Last modified: Thursday, March 18, 2010
Film scholar David Bordwell to speak at Provost Professors’ Distinguished Masters Series Lecture
FOR IMMEDIATE RELEASE
March 18, 2010
BLOOMINGTON, Ind. -- Film scholar David Bordwell will speak on "How Motion Pictures Became the Movies" in this year's lecture of the Provost Professors' Distinguished Masters Invited Lecture Series set for 4 p.m., April 13, in the Moot Court Room at the Maurer School of Law.
"This is an exciting time for film studies on the Bloomington campus as we embark on the renovation of the University Theatre and the creation of the IU Cinema," said Provost and Executive Vice President Karen Hanson. "So we are especially delighted to welcome Professor Bordwell, one of the world's top film academics, to the campus. All members of the IU Bloomington community, whether casual moviegoers or serious scholars of film, will find the insights of this prolific scholar compelling and enlightening."
Hanson said a reception would follow the event in room 310 of the School of Law.
In his lecture, Bordwell will question what is the most important period of filmmaking. He will discuss how this popular art form (film) that exists today, emerged in the United States and Europe in the crucial years 1908-1920. Culturally, industrially, and artistically, these last dozen years have created a modern institution of cinema. He will trace the diversity of artistic trends of the period, note the rapid changes in filmmaking methods, and analyze techniques of visual storytelling that remain in force today.
Bordwell is the Jacques Ledoux Professor Emeritus of Film Studies at the University of Wisconsin-Madison. He taught film history and aesthetics there from 1973 to 2005, when he retired. He received his doctorate from the University of Iowa in 1974. He has received grants from the American Council of Learned Societies, the Fulbright Foundation, and the Guggenheim Foundation, as well as an honorary doctorate from the University of Copenhagen. He has also won his university's Distinguished Teaching Award. He is currently president of the Society for Cognitive Studies of the Moving Image, an international association of researchers.
His work concentrates on what he calls the "poetics of cinema." This involves understanding the principles that govern filmmakers' creative choices and viewers' responses.

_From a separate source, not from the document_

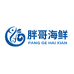 胖哥海鲜小店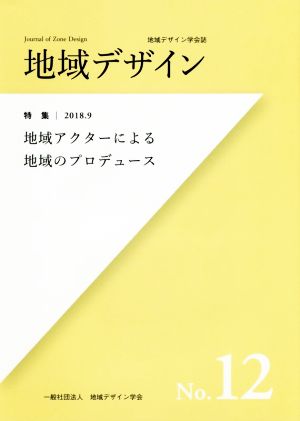 地域デザイン(No.12) 特集 地域アクターによる地域のプロデュース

This framework has led him to study individual filmmakers, national cinemas (particularly American film and Hong Kong film), and film form and style. His books Narration in the Fiction Film and The Way Hollywood Tells It concentrate on cinematic storytelling. Other books have focused on historical changes in film technique, as in On the History of Film Style and Figures Traced in Light: On Cinematic Staging. His research has also been identified with a broader trend toward explaining cinematic effects within the framework of principles of cognitive psychology.
At https:www.davidbordwell.net, Bordwell offers several essays, interviews and links. On the same site, he writes a regular blog with Kristin Thompson, his wife and a frequent collaborator. Among their joint publications are two textbooks, Film Art: An Introduction and Film History: An Introduction.